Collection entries

▶

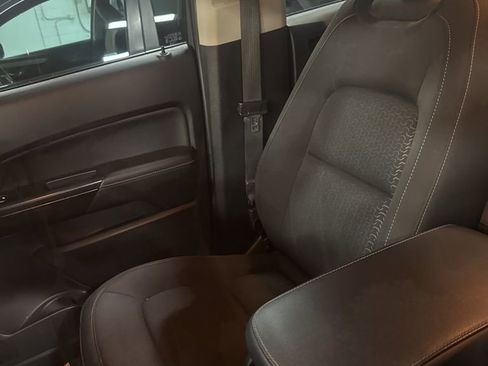 Used 2020 GMC Canyon SLE w/ Elevation Edition image 7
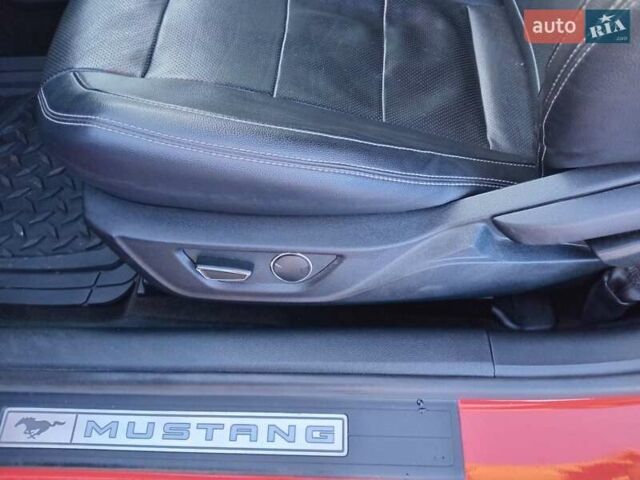 Красный Форд Мустанг, объемом двигателя 2.3 л и пробегом 78 тыс. км за 16700 $, фото 9 на Automoto.ua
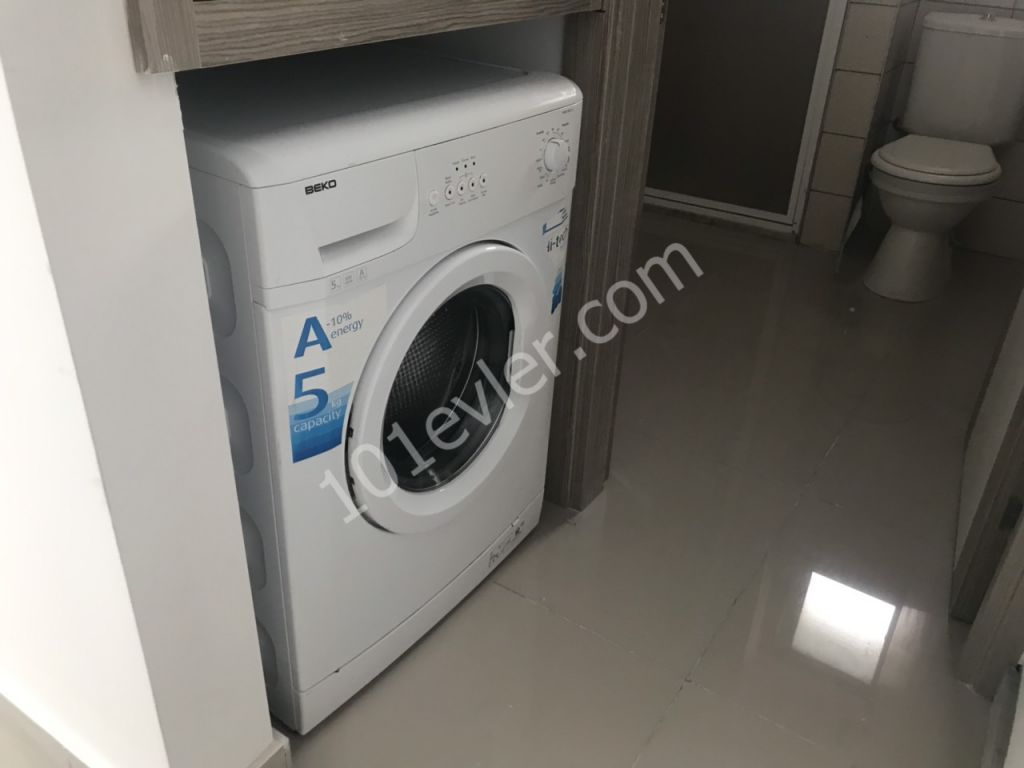 K.Kaymaklı'da Duraklara yakın 2+1 Eşyalı Kiralık Daire 2600 TL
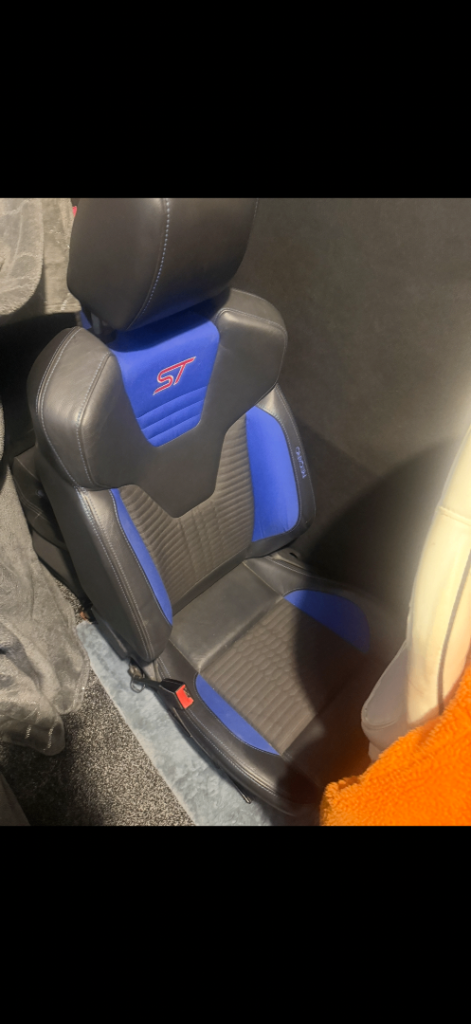 Mk3 focus st seats blue recaro 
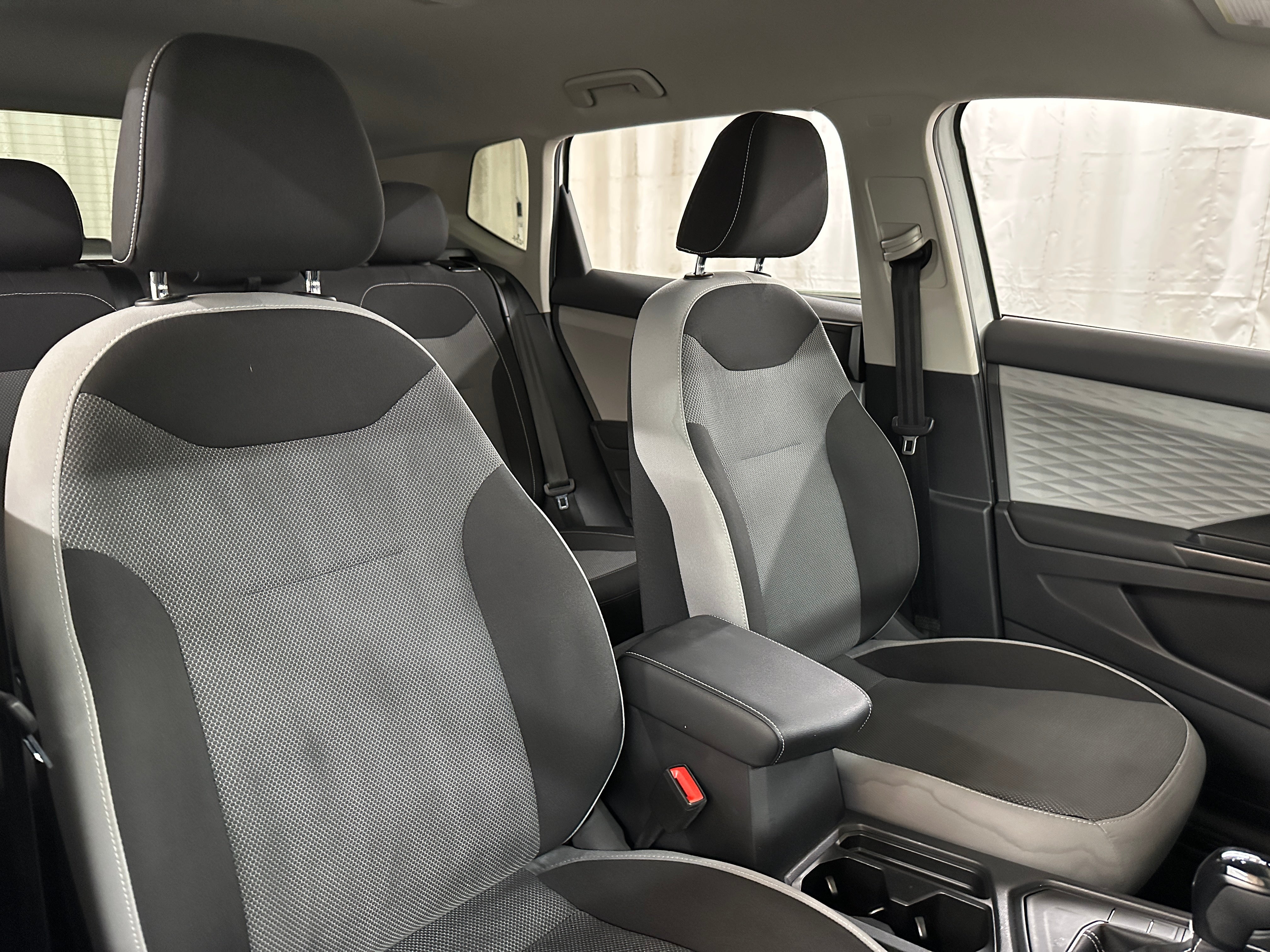 2022 Volkswagen Taos S 2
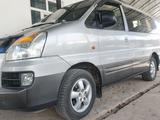 Hyundai Starex 2004 года за 2 650 000 тг. в Шымкент – фото 2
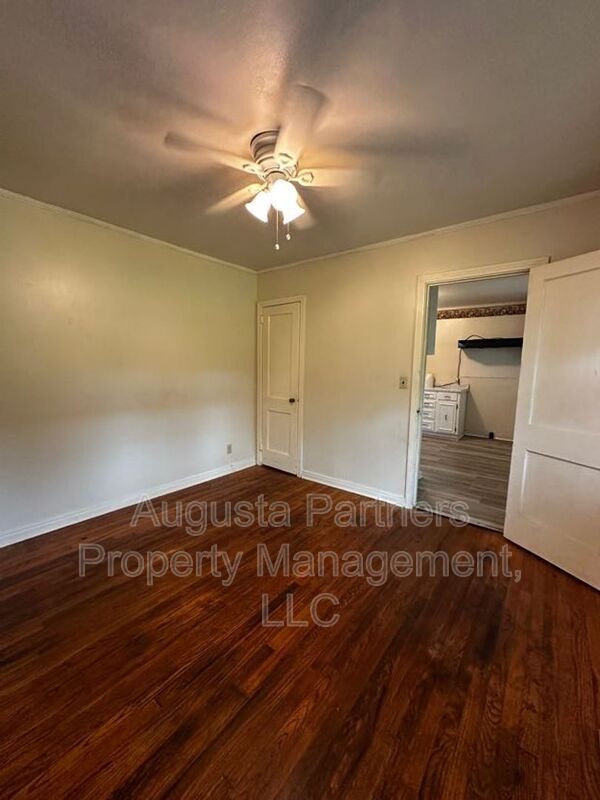 Building Photo - 3224 York Dr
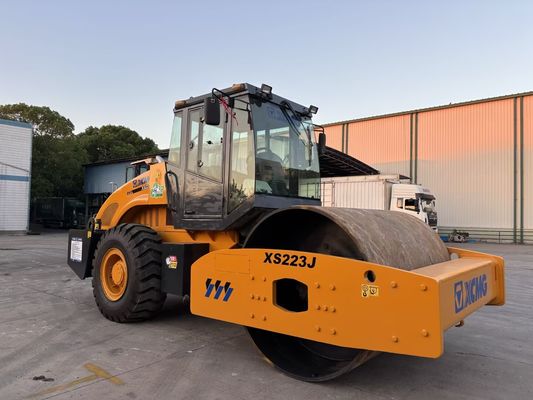 Использованный однобарабанный каток XCMG XS223J, простое управление и хорошее состояние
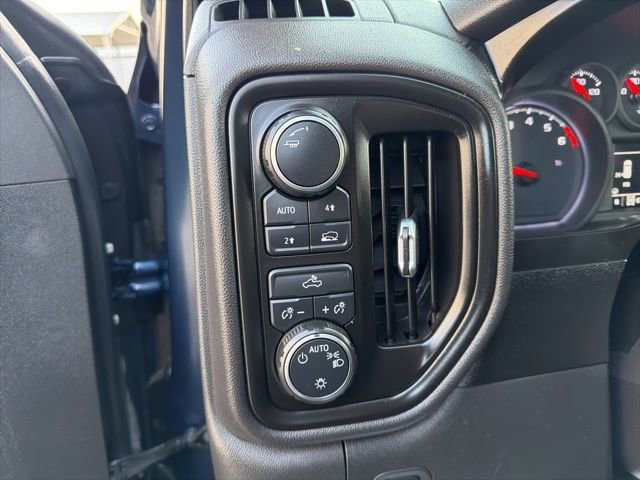 Used 2020 Chevrolet Silverado 1500 Custom w/ Custom Value Package image 24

◀

### What is required
The reply must hold every line above exactly as written and none of the pictures.

### Your solution
 Used 2020 GMC Canyon SLE w/ Elevation Edition image 7
 Красный Форд Мустанг, объемом двигателя 2.3 л и пробегом 78 тыс. км за 16700 $, фото 9 на Automoto.ua
 K.Kaymaklı'da Duraklara yakın 2+1 Eşyalı Kiralık Daire 2600 TL
 Mk3 focus st seats blue recaro 
 2022 Volkswagen Taos S 2
 Hyundai Starex 2004 года за 2 650 000 тг. в Шымкент – фото 2
 Building Photo - 3224 York Dr
 Использованный однобарабанный каток XCMG XS223J, простое управление и хорошее состояние
 Used 2020 Chevrolet Silverado 1500 Custom w/ Custom Value Package image 24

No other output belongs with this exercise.